I’m an exec for one of the fed bodies, and having been a 101er last year, this was my first time being on the other side of the week’s events. On the Thursday night of 101 week, we had gotten all of the first-years home safely from an arts and science night at Addiction Nightclub. The last bus of the night, the guide-only bus, apparently carries the tradition of singing cheers that are banned by this clause. It wasn’t long until most of the bus was singing “Cindy Bear,” a song by which they were amused because of its sexually explicit content.
I was nervous. I had heard this cheer before, and certain parts of it are disturbing. One line sings, “Yogi likes them young and ill, CHEO, CHEO bear.” It was 1 a.m., I was exhausted from our hectic week, and what instigated my panic attack was when the song reached, “Cindy likes them old and wrinkly, pedo, pedo bear.”
Pedophilia is one of my triggers, and I was trapped on a bus full of guides singing and laughing about the shittiest thing that has ever happened to me. I was terrified. Most people don’t realize it until someone tells them, but just like rape jokes are not funny, pedophilia jokes are equally as unfunny.
This cheer was cut short and replaced with “I Once Worked a Store In Chicago.” Again, most people think nothing of it. And again, I was trapped.
Some of the lyrics go, “A girl came into the store for butter, some butter she wanted, spread she got,” and, “A girl came into the store for some meat, some meat she wanted, porked she got.” People were unknowingly singing about a girl who goes looking for something arbitrary in a store, but instead of getting whatever it is, she gets raped.
Why is it rape? Because the song doesn’t even make an attempt to imply that it was consensual. It explicitly states that she received something sexual instead of receiving the item she was looking for.

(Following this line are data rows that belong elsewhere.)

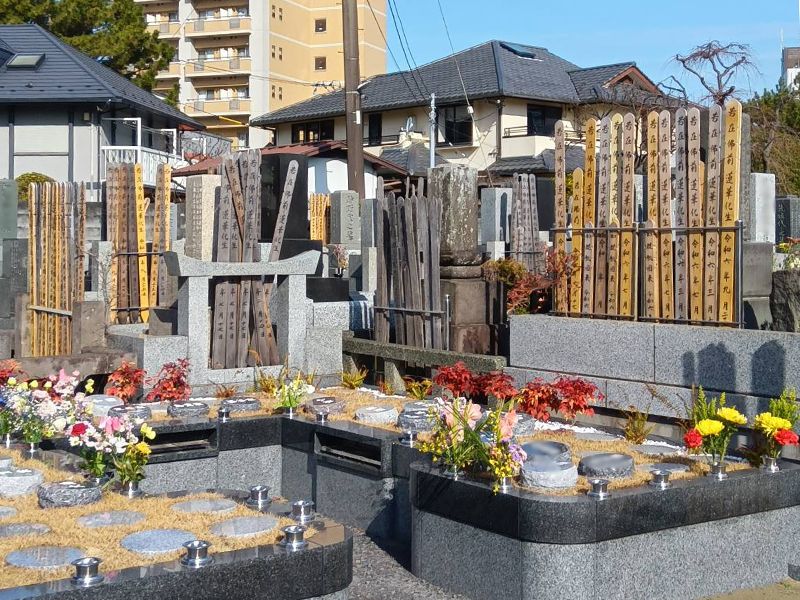 本立寺 プレミアム湘南辻堂駅前樹木葬墓地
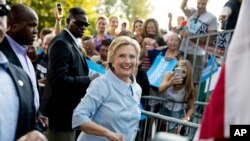 បេក្ខជន​ប្រធានាធិបតី​គណ​បក្ស​ប្រជាធិបតេយ្យ​អ្នកស្រី​ Hillary Clinton ចេញ​ដំណើរ​បន្ទាប់​ពី ការ​ថ្លែង​សុន្ទរកថា​ ក្នុង​ទិវា​ការងារ​ប្រចាំឆ្នាំ​លើក​ទី ៤៩ នៅ​ឧទ្យាន​ Illiniwek Park Riverfront ក្នុង​ក្រុង Hampton កាលពី​ថ្ងៃ​ទី​ ០៥ កញ្ញា ២០១៦។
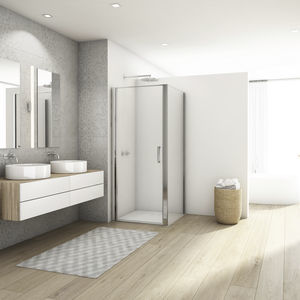 pivoting shower screen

Many of my girlfriends realize why this cheer is concerning after I’ve pointed it out to them, but for some reason, it’s a really difficult concept to explain to the guys. This worries me. But I do understand. They don’t necessarily deal with the stats—that one third of women in Canada have sexual violence in their history. And in a way, I always hope that people who don’t understand this reality will never have to.
But on that same note, I can’t even begin to express how important it is to acknowledge and respect the experiences of others and to just trust us when we tell you that these cheers and these jokes hurt. They hurt because they propagate rape culture, and they also hurt because they are triggering—they compromise our mental health and take us back to our darkest moments.
I was absolutely terrified. I felt the same sense of powerlessness when I was attacked. Here I was, on a bus of people singing and clapping about sexual violence, thinking that my attacker would be there waiting for me when I got off that bus at campus. After that, everything kind of became a blur until I was on the grass outside Café Nostalgica with some friends who were trying to help to stop my hyperventilation. I’ve had panic attacks before, but never to that extreme.
Despite that one night, I still believe 101 Week is a positive experience for most. However, future fed body guides and execs need to take more accountability for everyone’s safety, 101er or not.